The power of these stories derives from the way they operate through us unconsciously, and unless we become aware of them and their consequences, we will continue on this journey toward catastrophe. This paper argues that we need to wake up to reality and find a radically different way to live.

Part One describes the many ways in which the Crisis appears. The principal metaphor is the ‘Machine-world’, which is contrasted with both the natural world and the culture of traditional societies. Part Two then considers how the Machine-world affects us psychologically, in terms of our wellbeing and our ability to understand what is happening. Part Three suggests how we might face the reality of our situation and find ways to heal the damage to ourselves, our communities and the living planet.

This paper is not a summary of evidence for the Crisis, which is readily available in print and online, and neither is it a systematic survey of the academic literature. It attempts to identify major characteristics generally overlooked by both popular and scientific accounts, focusing on the lived experience of being in the modern world. Along the way it touches on history, politics, economics, psychology and religion, but does not weigh competing arguments. Neither does it aim to satisfy current standards of scientific or philosophical rigour. Such systems of thought, which all too easily distance us from the real world and our own feelings and intuitions, are themselves a major part of the problem. Although we should not casually discard the accumulated wisdom and practice of civilisation, we need to return to our own personal experience to understand what is going on. We should be wary of seeking validation for them in the very ideas that have led to the Crisis.

The paper reflects the author’s own experience and beliefs, interests and biases. No single worldview could possibly present universal truths, and this paper is no exception. The argument is more descriptive than explanatory, and the reader is invited to read with the heart as well as the mind. The author’s photographs are included to engage feeling and imagination.

The emphasis is on developing self-awareness and taking action in our own lives rather than trying to change society.

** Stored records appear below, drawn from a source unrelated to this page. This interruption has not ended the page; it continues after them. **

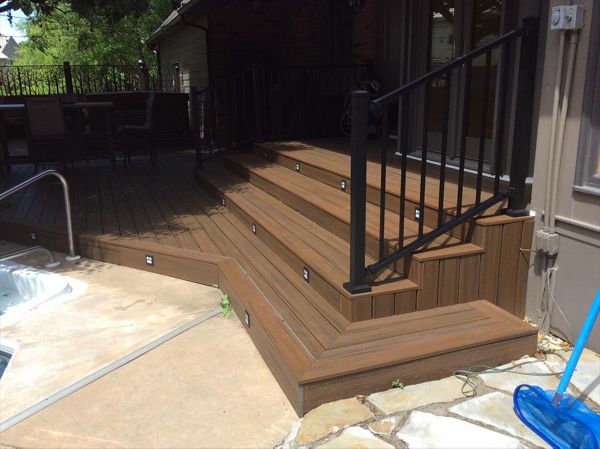 Trex Transcend Spiced Rum decking and Signature railing in Wichita, KS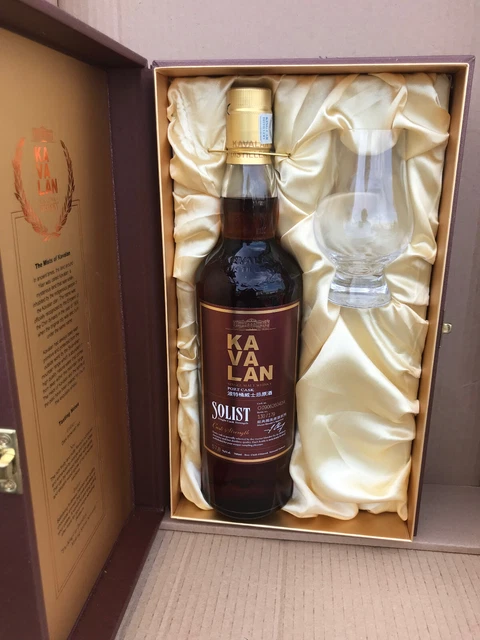 KAVALAN SOLIST PORT CASK  whisky de Taiwan bouteille 130/179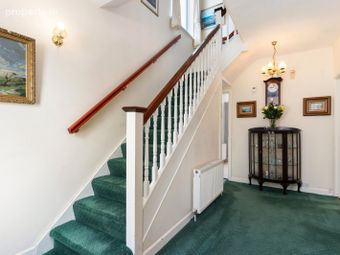 42 Foxrock Park, Foxrock, Dublin 18, Foxrock, Dublin 18 - Image 2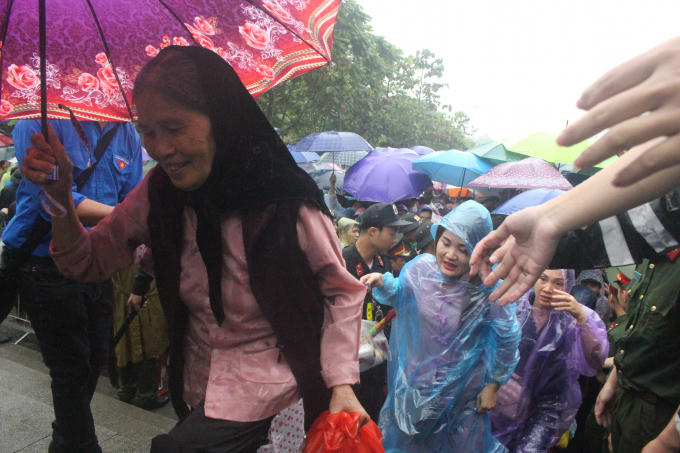 Đến 7h30, BTC mở các lối lên trên Đền Hùng, điều tiết du khách lên đền theo hai hướng từ sân lễ hội lên và từ ngã 5 đền Giếng lên nằm đảm bảo trật tự khi người dân lên thắp hương tưởng nhớ các Vua Hùng.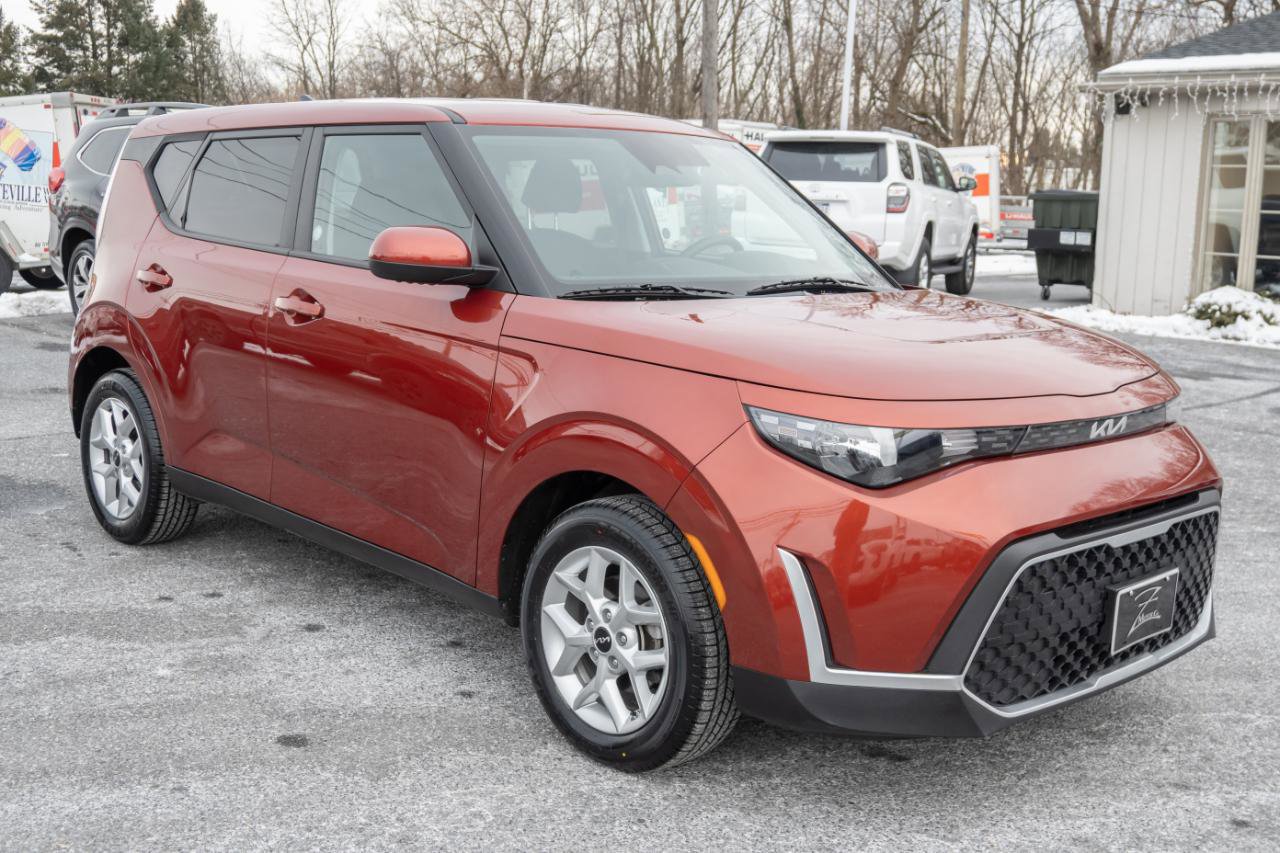 Used 2024 Kia Soul LX w/ Option Group 015 FWD image 3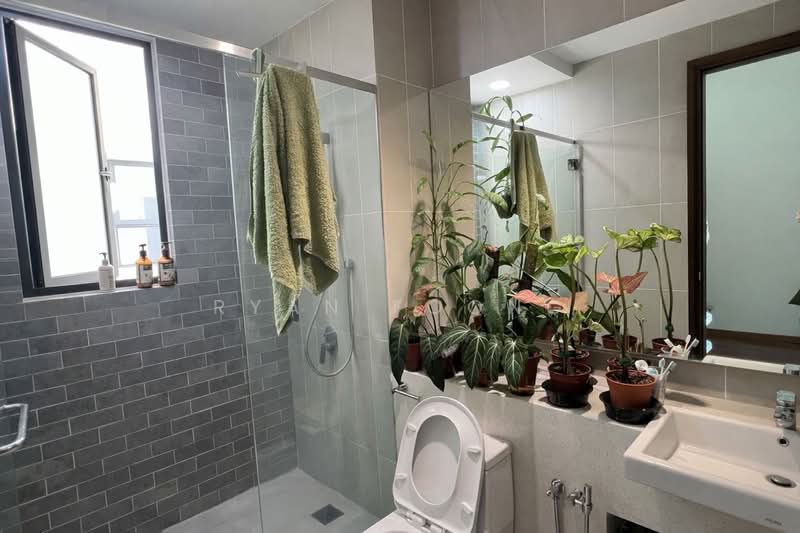Condominium for Sale at Queens Residences Q1 @ Queens Waterfront - Ryan Foong - Bathroom - PropertyGuru.com.my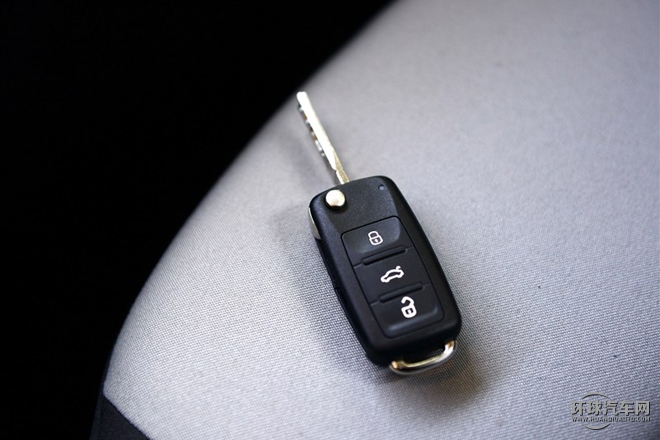 2015款 1.4L 自動前行版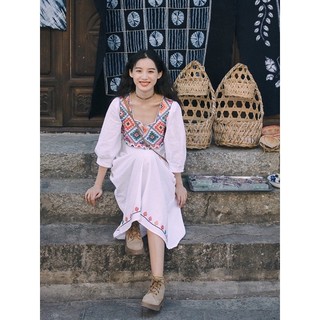 Đầm Mabel Cổ Vuông Thêu Cao Cấp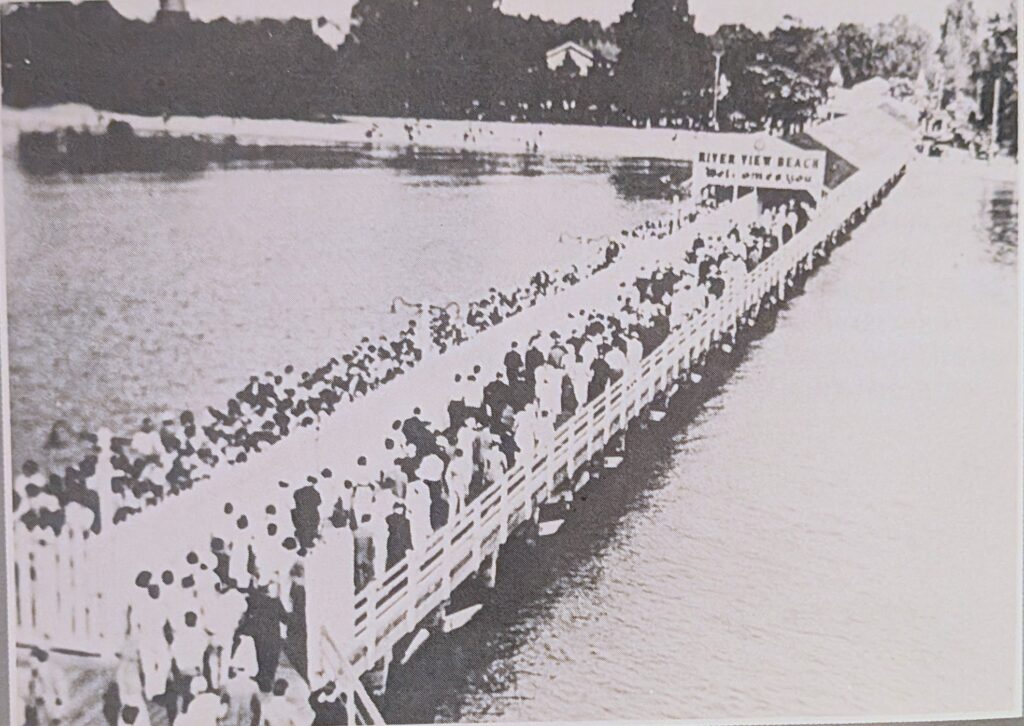 Hundreds waiting in line in the early 1900's to get into Riverview Beach Park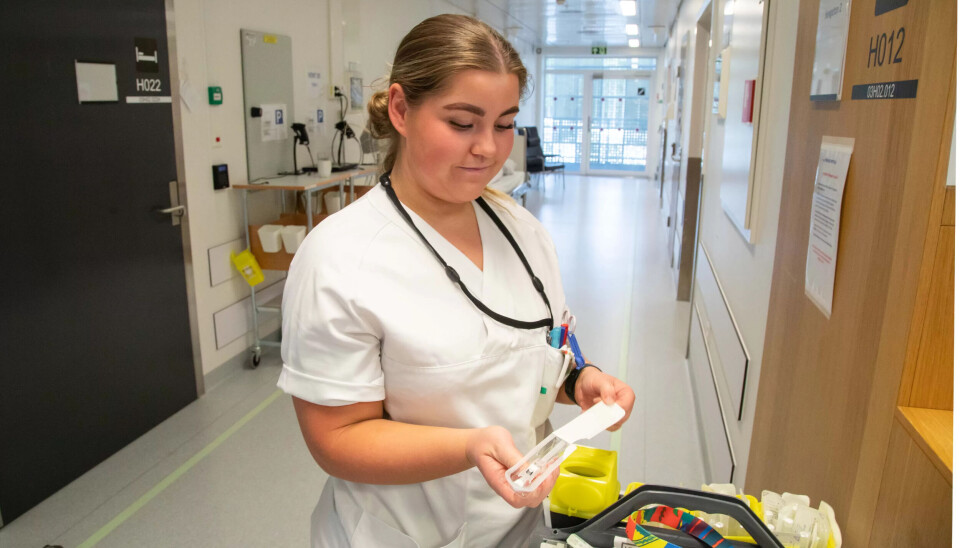 Mathilde Linna på infeksjonsmedisinsk avdeling i Sykehuset Østfold Mathilde Linna på infeksjonsmedisinsk avdeling i Sykehuset Østfold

Unless we first transform ourselves through deeper understanding we will merely replicate the system that already exists, with the same inevitable outcomes. Real alternatives can only arise from people prepared to face the truth about their lives. The processes of healing the damage to ourselves, our communities and the world are all interlinked.

The aim here is to provoke reflection and debate by challenging some of our basic assumptions and rationalisations about the way things are. The question for each of us is:

Am I living by what I know to be true from my own life experience, or am I merely following ideas and rules given by others?

We can sleep-walk through life and ignore what we see, hear and sense every day. It is often easier to go along with the consensus view, even when we know it to be false, than to stand up for what we know to be true and real. In our actions we might have only a small impact on the world, but at least we might discover renewed purpose, meaning and dignity.